La microscopie à extension de rétention d’étiquettes (LR-ExM) permet l’imagerie à super-résolution et le marquage à haute efficacité

Résumé

Un protocole de microscopie à expansion de rétention d’étiquettes (LR-ExM) est démontré. LR-ExM utilise un nouvel ensemble d’ancrages trifonctionnels, qui offre une meilleure efficacité d’étiquetage par rapport aux microscopies à expansion précédemment introduites.

Résumé

La microscopie à expansion (ExM) est une technique de préparation d’échantillons qui peut être combinée avec la plupart des méthodes de microscopie optique pour augmenter la résolution. Après avoir incorporé des cellules ou des tissus dans de l’hydrogel gonflable, les échantillons peuvent être physiquement dilatés de trois à seize fois (dimension linéaire) par rapport à la taille d’origine. Par conséquent, la résolution effective de tout microscope est augmentée par le facteur d’expansion. Une limitation majeure de l’ExM précédemment introduit est la fluorescence réduite après la polymérisation et la procédure de digestion. Pour surmonter cette limitation, la microscopie à expansion de rétention de marquage (LR-ExM) a été développée, qui empêche la perte de signal et améliore considérablement l’efficacité du marquage à l’aide d’un ensemble de nouveaux ancrages trifonctionnels. Cette technique permet d’atteindre une résolution plus élevée lors de l’étude de structures cellulaires ou subcellulaires à l’échelle nanométrique avec une perte minimale de signal fluorescent. LR-ExM peut être utilisé non seulement pour le marquage par immunofluorescence, mais aussi avec des marqueurs de protéines auto-étiquetés, tels que les marqueurs SNAP et CLIP, obtenant ainsi une efficacité de marquage plus élevée. Ce travail présente la procédure et le dépannage de cette approche basée sur l’immunomarquage, ainsi que la discussion des approches d’auto-marquage du LR-ExM comme alternative.

Introduction

La microscopie à expansion (ExM) est utilisée par les chercheurs depuis qu’elle a été introduite pour la première fois comme une approche pratique pour obtenir une imagerie à super résolution avec des microscopes conventionnels, tels que l’épifluorescence et les microscopes confocaux 1,2,3,4,5,6,7 . En utilisant ExM, il est possible d’atteindre une résolution latérale de ~ 70 nm même avec des microscopes confocaux réguliers. Lorsque l’ExM est combiné à l’imagerie à super-résolution, la résolution est encore améliorée. Par exemple, on peut atteindre une résolution d’environ 30 nm avec la microscopie à illumination structurée (SIM) et une résolution d’environ 4 nm avec la microscopie de reconstruction optique stochastique (STORM)^1,5.

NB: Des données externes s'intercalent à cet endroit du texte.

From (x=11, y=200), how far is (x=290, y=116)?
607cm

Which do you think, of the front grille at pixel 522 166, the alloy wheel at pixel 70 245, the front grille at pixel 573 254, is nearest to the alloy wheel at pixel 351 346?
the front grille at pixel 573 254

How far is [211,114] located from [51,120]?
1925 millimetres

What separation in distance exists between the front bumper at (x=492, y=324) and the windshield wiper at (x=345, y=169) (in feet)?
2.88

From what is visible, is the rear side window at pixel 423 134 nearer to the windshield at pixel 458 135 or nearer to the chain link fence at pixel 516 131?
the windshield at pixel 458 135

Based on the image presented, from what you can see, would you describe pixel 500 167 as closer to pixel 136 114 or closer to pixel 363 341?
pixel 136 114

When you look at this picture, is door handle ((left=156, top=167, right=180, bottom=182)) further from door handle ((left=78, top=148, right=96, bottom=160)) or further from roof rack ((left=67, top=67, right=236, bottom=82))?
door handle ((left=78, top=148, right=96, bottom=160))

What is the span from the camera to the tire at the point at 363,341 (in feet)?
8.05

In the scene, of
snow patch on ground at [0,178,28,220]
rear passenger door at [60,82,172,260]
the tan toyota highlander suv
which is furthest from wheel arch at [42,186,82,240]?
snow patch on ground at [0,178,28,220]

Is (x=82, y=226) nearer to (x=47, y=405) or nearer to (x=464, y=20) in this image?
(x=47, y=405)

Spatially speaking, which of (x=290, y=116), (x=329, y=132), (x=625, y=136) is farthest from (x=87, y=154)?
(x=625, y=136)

Cependant, la faible efficacité de l’étiquetage est un problème critique avec les méthodes ExM standard. La perte de fluorescence peut varier en fonction du type de groupes fluorescents et du temps de digestion. En moyenne, cependant, il a été rapporté que plus de 50% des fluorophores sont perdus après les étapes de polymérisation et de digestion des protéines de l’ExM, ce qui nuit à la qualité de l’imagerie3,4.

Ainsi, la microscopie à expansion de rétention de marquage (LR-ExM) a été développée, qui peut retenir efficacement les étiquettes et réduire la perte de signal¹. L’innovation clé de LR-ExM est l’utilisation d’un ensemble d’ancrages trifonctionnels au lieu d’utiliser simplement des colorants fluorescents - comme dans la procédure ExM standard - pour colorer les protéines d’intérêt. Ces agents de liaison trifonctionnels se composent de trois parties : (1) le connecteur (p. ex., N-hydroxysuccinimide (NHS)) pour se connecter à l’anticorps, (2) l’ancrage (p. ex. méthacrylamide (MA)) pour ancrer les protéines au polymère, et (3) le rapporteur (p. ex. biotine ou digoxigénine (DIG)) pour se conjuguer à un colorant organique. Les ancrages trifonctionnels survivent aux étapes de polymérisation et de digestion des protéines, et empêchent ainsi la perte de fluorophore.

De plus, cette méthode présente un grand potentiel puisqu’elle est compatible avec les balises enzymatiques auto-étiquetantes telles que SNAP ou CLIP. Les approches de marquage enzymatique présentent certains avantages par rapport à l’approche d’immunomarquage en ce qui concerne la spécificité élevée et l’efficacité du marquage ^8,9,10.

Dans ce manuscrit, une procédure détaillée de LR-ExM est démontrée. LR-ExM est une méthode très efficace et flexible pour atteindre une résolution spatiale élevée avec une efficacité d’étiquetage améliorée.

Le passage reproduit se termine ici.